Sale of children thrives in Pakistan

THE WASHINGTON TIMES, January 21, 2002
By Andrew Bushell

JAMRUD, Pakistan — Children as young as 5 are auctioned off regularly in a warehouse here in Pakistan's lawless border regions. Most of them are impoverished Afghan refugees bound for lives of servitude or prostitution. Top Stories

The thriving trade in young humans illustrates the problems that the government of President Pervez Musharraf faces as he tries to turn Pakistan into a modern and tolerant nation.

Here in the mountainous areas along the Afghan border, foreigners travel with armed guards, Pakistani laws are unenforceable and the infamous black markets of Landi Kotal and Jamrud thrive.

With 30-foot-high walls studded with broken glass, machine guns mounted in the corners and armed guards standing behind the gate, Ejaz Arbab's warehouse in Jamrud looks much like others in the region.

One of the wealthier men in Jamrud, Mr.
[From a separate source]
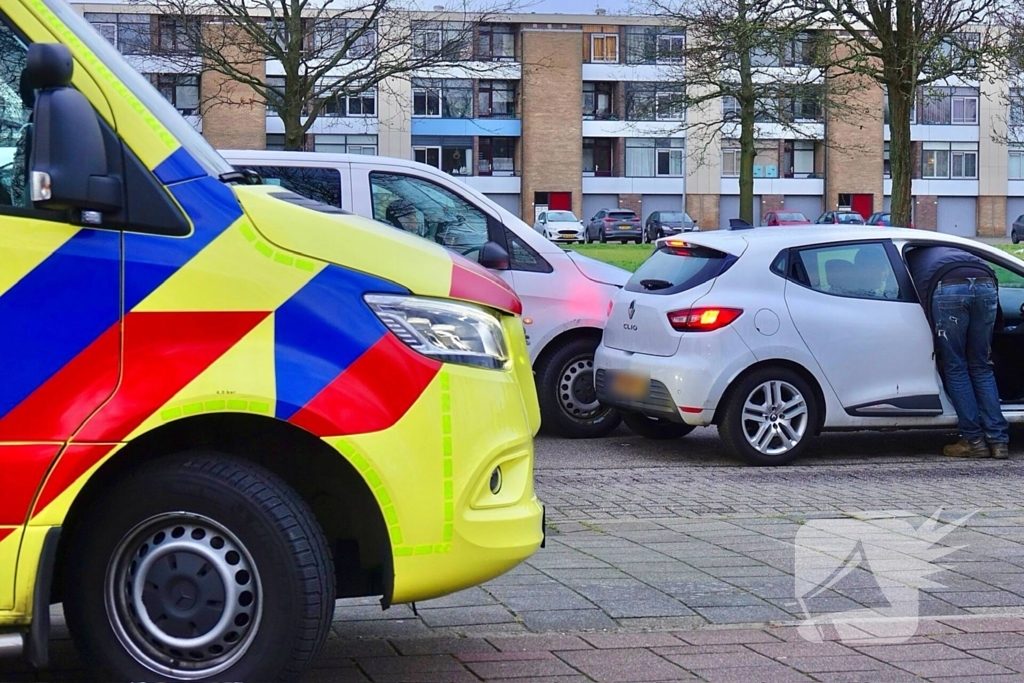 Taxibus met kinderen botst op personenauto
Arbab has been making a fortune over the past 20 years selling children — most of them the sons and daughters of penniless refugees who for years have streamed across the border to escape the warfare in Afghanistan.

Girls are auctioned off in a large rectangular room about 40 feet by 30 feet where intricate Afghan carpets cover the floor and pillows serve as seats for low tables.

Buyers puff on hookahs as the girls, escorted by an elderly woman, walk to a dais in the center of the room dressed only in thin cotton smocks. Before purchase, a buyer has the right to remove the tunic and inspect the girl in front of the crowd.

Dozens of locals say Afghan girls between the ages of 5 and 17 sell for $80 to $100. The price depends on the colors of their eyes and skin; if they are virgins, the price is higher.

Mr. Arbab, an older man with a white shovel beard and a green turban, absently fingers his prayer beads as he calls out prices for the children.

"The selling of children is common among the poor in Pakistan and Afghanistan," said Syed Mehmood Asghar, a program manager specializing in child abuse for Save the Children Sweden, based in Peshawar. "It has always been in the culture; the poor do not regard it as slavery."

The most well-publicized occurrences involve sheikhs from the United Arab Emirates buying young boys for use as jockeys in the camel races in Dubai.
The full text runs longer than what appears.